Un dialogue s’instaure souvent ainsi entre le morshed et Mobarak qui peut se transformer en moqueries et disputes aux effets comiques. Des musiciens accompagnent les entrées et les sorties des personnages.
Les personnages
Un spectacle complet comprend quatorze marionnettes et personnages principaux, et une dizaine d’autres personnages secondaires, dont environ huit dignitaires vêtus de leurs uniformes. Autour du personnage central Mobarak, on trouve le roi Salim, Farrokh khan, le fils du roi, Pahlavan, le lutteur, Jarookesh, le balayeur, Tabal, le tambour, Sagha, le porteur d’eau, Raheb, le prêtre, Aqhed, l’officier de mariage, Aroos, la fiancée, Shisheh Baz et Choob Baz, les jongleurs, Div, le démon, et Looti Antari, le gardien et dresseur de singes.
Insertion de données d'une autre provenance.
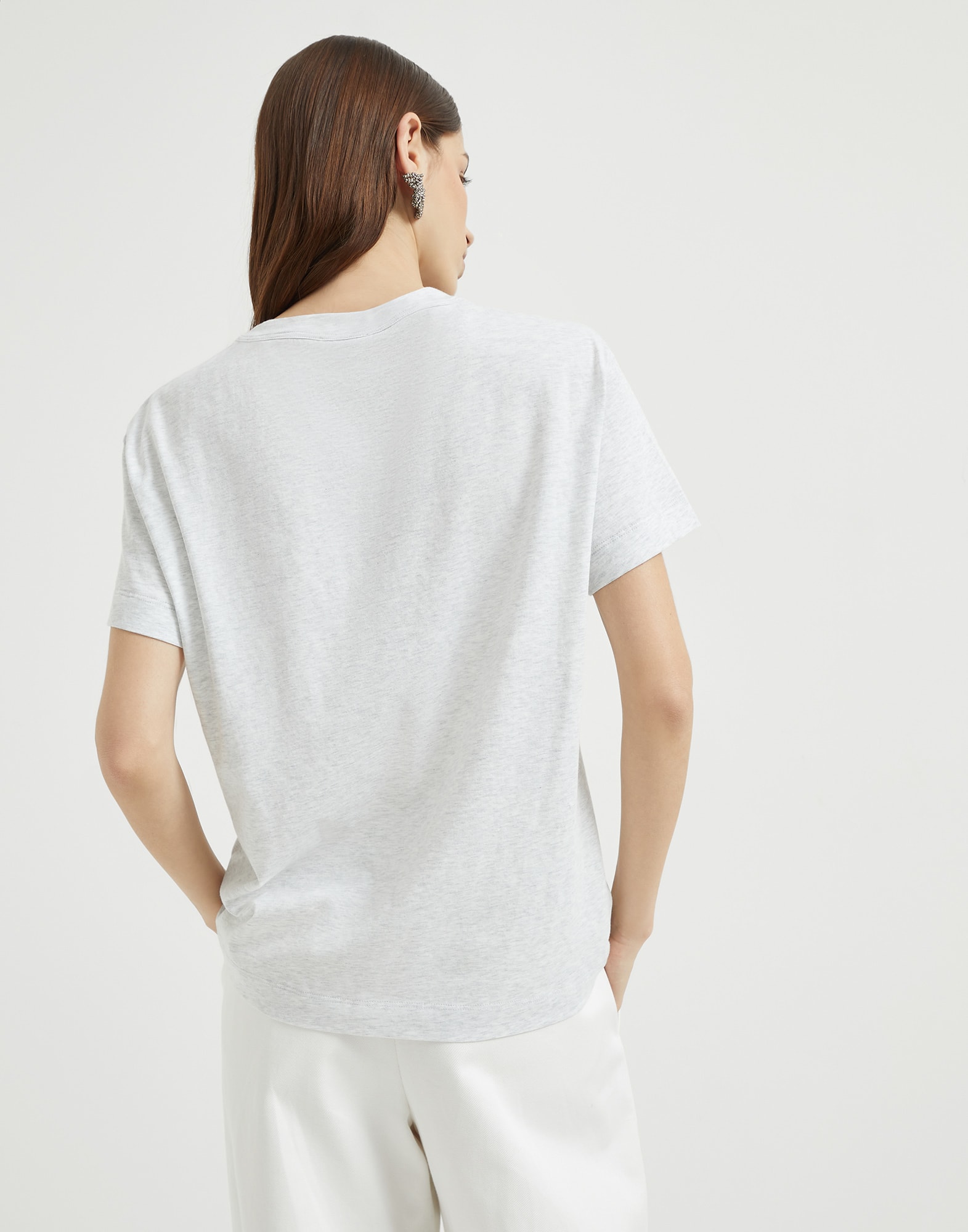 Cotton jersey T-shirt with dazzling chalk stripe embroidery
Il existe deux sortes de marionnettes : celles fabriquées conformément à l’anatomie humaine avec des mains et des jambes, celles sans jambes (les danseuses, ce qui facilite les mouvements) ou sans jambes ni mains (le démon conformément à la croyance populaire selon laquelle le diable peut apparaître sous toutes les tailles par sa propre volonté). Les marionnettes ne présentent pas d’articulation pour se mouvoir et se déplacent donc d’un seul saut. Les corps sont faits de tissu et les têtes sont généralement en bois. Chaque marionnette fait son entrée et sa sortie avec une chanson et une musique particulière chantée et jouée par des musiciens. Les airs sont variés, pouvant être dramatiques, lyriques ou amoureux selon le type de public. Celui-ci est variable, souvent composite, formé d’enfants, de jeunes et d’adultes.
L’histoire
Le Shah Salim bazi raconte le mariage de Farookh khan, fils du roi Salim. Le morshed demande à Mobarak de préparer la salle de la cour pour l’arrivée du shah et d’en annoncer la nouvelle. Le rusé Mobarak va et vient pour le faire mais au lieu du roi, c’est toujours un chat ou un chien qui apparaît. Lorsque le roi Salim est sur le point de faire enfin son entrée, tous les personnages sont en scène vaquant à leurs occupations mais certains s’éternisent sur scène, indifférents aux ordres de Mobarak, comme l’arrogant Pahlavan qui reçoit alors un coup, s’écroule, et doit être soigné par un médecin et son infirmière. Puis apparaissent les danseurs tandis que sont apportés les cadeaux de mariage ainsi que des bougies allumées. Le roi arrive enfin, accompagné de sa cour, et s’assoit sur son trône. Les dignitaires et les ambassadeurs se présentent un à un, annoncés par le morshed, suivis des jongleurs, des lutteurs et des danseurs. La cérémonie se conclut par le mariage, célébré par le aqhed puis le spectacle se conclut par la naissance d’un enfant. Dans certaines versions, Mobarak peut tomber amoureux de l’une des danseuses, qu’il tente de rejoindre dans la salle de bal malgré l’opposition du morshed. Ce dernier lui envoie alors le démon pour le punir. Le Shah Salim bazi présente ainsi une structure très simple mais peut aussi contenir des variantes d’un épisode à l’autre.